Tra impegno e responsabilità

Il bilancio stagionale parla chiaro: 13 vittorie su 14 incontri. “Un bilancio decisamente ottimo,” sottolinea Massara, “frutto di tutto l’impegno che ci mettiamo ogni giorno in palestra e di un gruppo che si impegna per raggiungere gli obbiettivi comuni”. Tuttavia, il percorso netto ha mostrato qualche fisiologica sbavatura, quelle “scorie” citate dal tecnico Saja che la giovane centrale analizza con maturità: “Credo che ciò che vada sistemato siano l’intensità e la concentrazione con la quale partiamo sin dal primo punto, sono aspetti fondamentali per riuscire ad imporre fin da subito il nostro gioco e per ridurre gli errori”.

La trappola Arzano

Sabato il calendario impone la trasferta campana contro Arzano. Nonostante la posizione in classifica delle avversarie, i 12 punti delle padrone di casa – impreziositi dalla vittoria su Modica e dal recente punto strappato a Bisceglie – impongono massima allerta. Reduci dalle fatiche contro l’Assitec, le giallorosse sanno di non poter sbagliare. “Dobbiamo scendere in campo concentrati, fare il nostro gioco fin dal primo minuto cercando di imporre il nostro ritmo, evitando cali di tensione che potrebbero metterci in difficoltà”, avverte Massara.

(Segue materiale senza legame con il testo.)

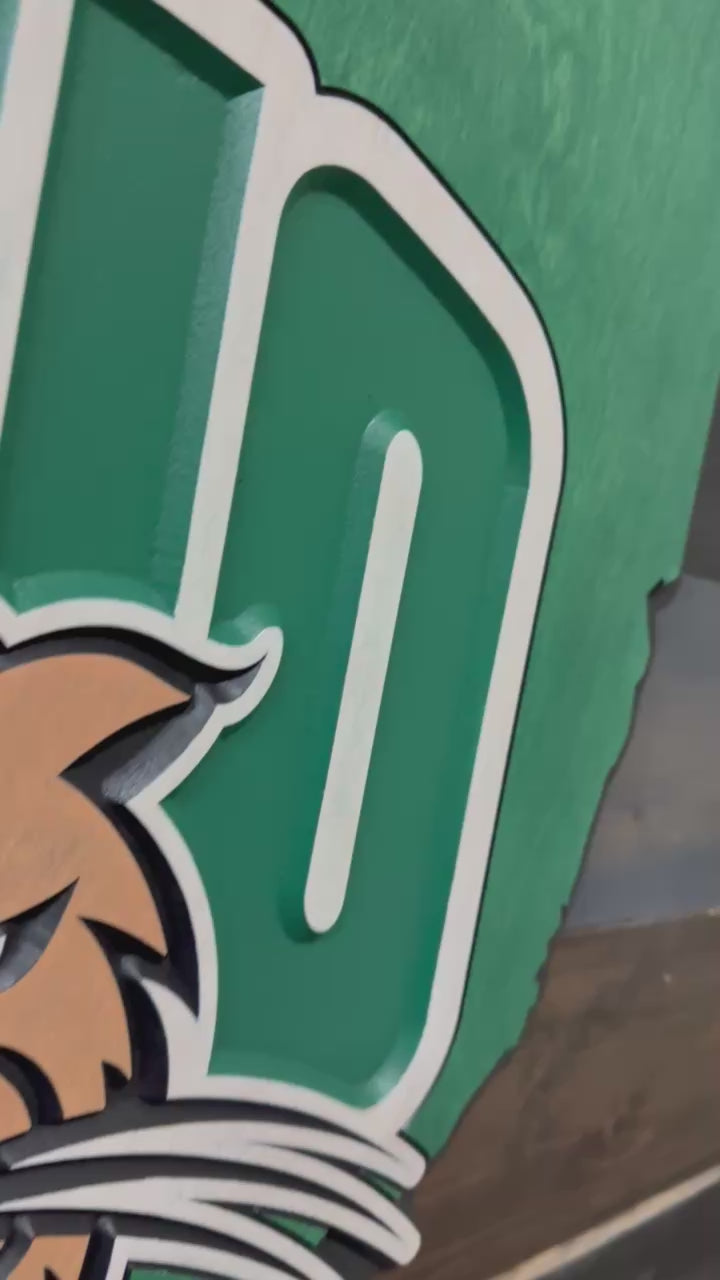 Video highlighting dimensional carving, layered mascot detail, and Ohio state silhouette craftsmanship on an Ohio University wood wall sign
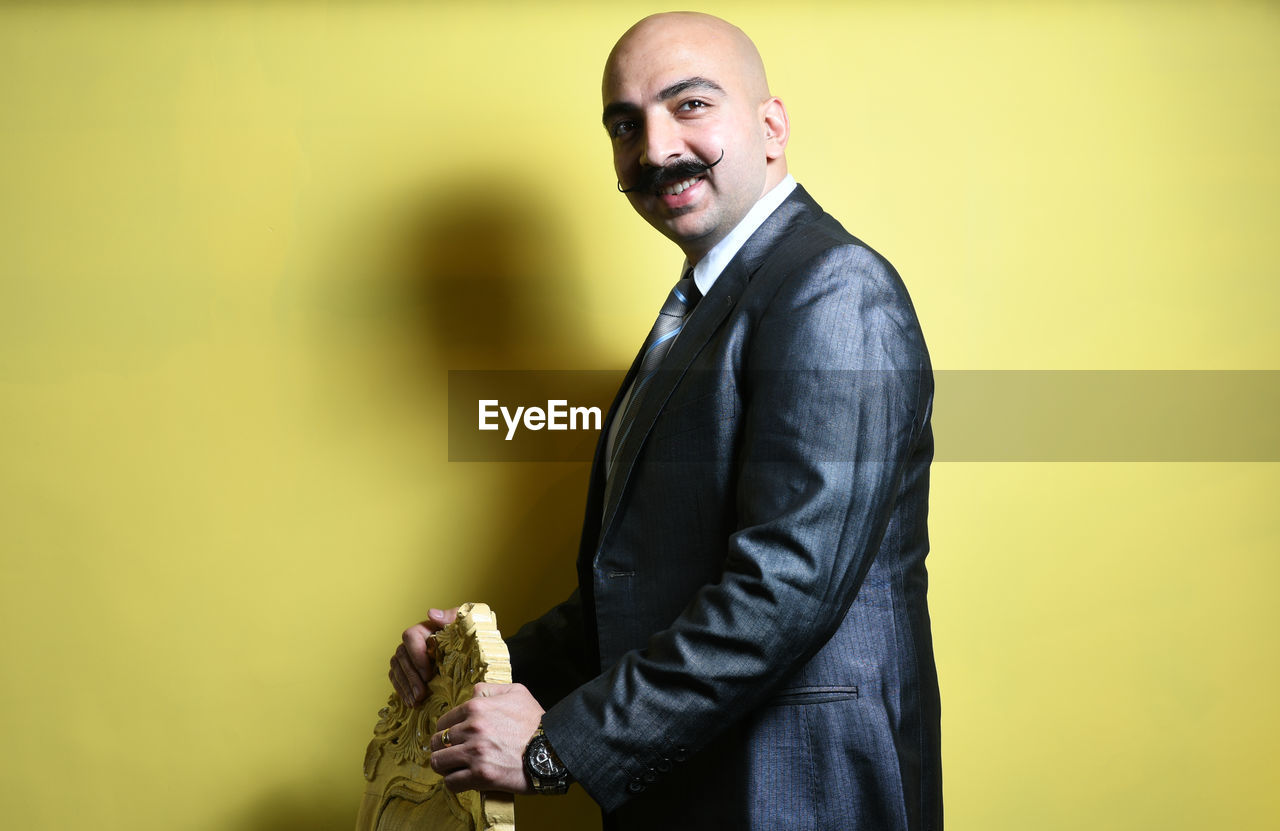 Businessman standing against yellow background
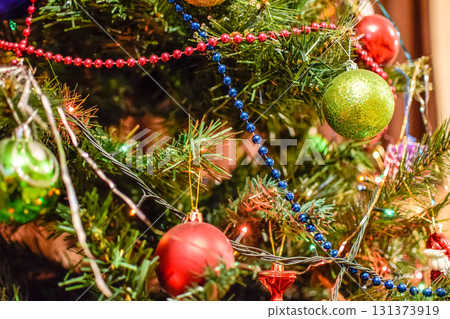 Decorations New Year tree. Tinsel and toys, balls and other decorations on the Christmas Christmas tree standing in the open air. Decorations New Year tree. Tinsel and toys, balls and other decorations on the Christmas Christmas tree standing in the open air. 131373919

Il richiamo del PalaValentia

Per una ragazza nata e cresciuta a Vibo Valentia, indossare la maglia della propria città trasforma lo sport in missione. “Sono stati mesi intensi e stimolanti,” racconta Lorenza, “giocare in una squadra così importante nella mia città è qualcosa che mi riempie di gioia, ma anche di un senso di responsabilità che mi spinge a dare sempre il massimo”. Un legame viscerale che si palesa in quel sorriso pre-gara diventato ormai un marchio di fabbrica al PalaValentia, luogo che lei definisce speciale per l’affetto e la gratitudine che le restituisce.

E sull’esordio in B1, la centrale resta con i piedi ben piantati a terra: “In realtà non mi piace immaginare troppo. Preferisco pensare alle cose concrete e farmi trovare pronta nel momento del bisogno. Non mi creo aspettative: il mio pensiero è solo quello di lavorare ogni giorno e farmi trovare pronta quando arriverà il mio momento”.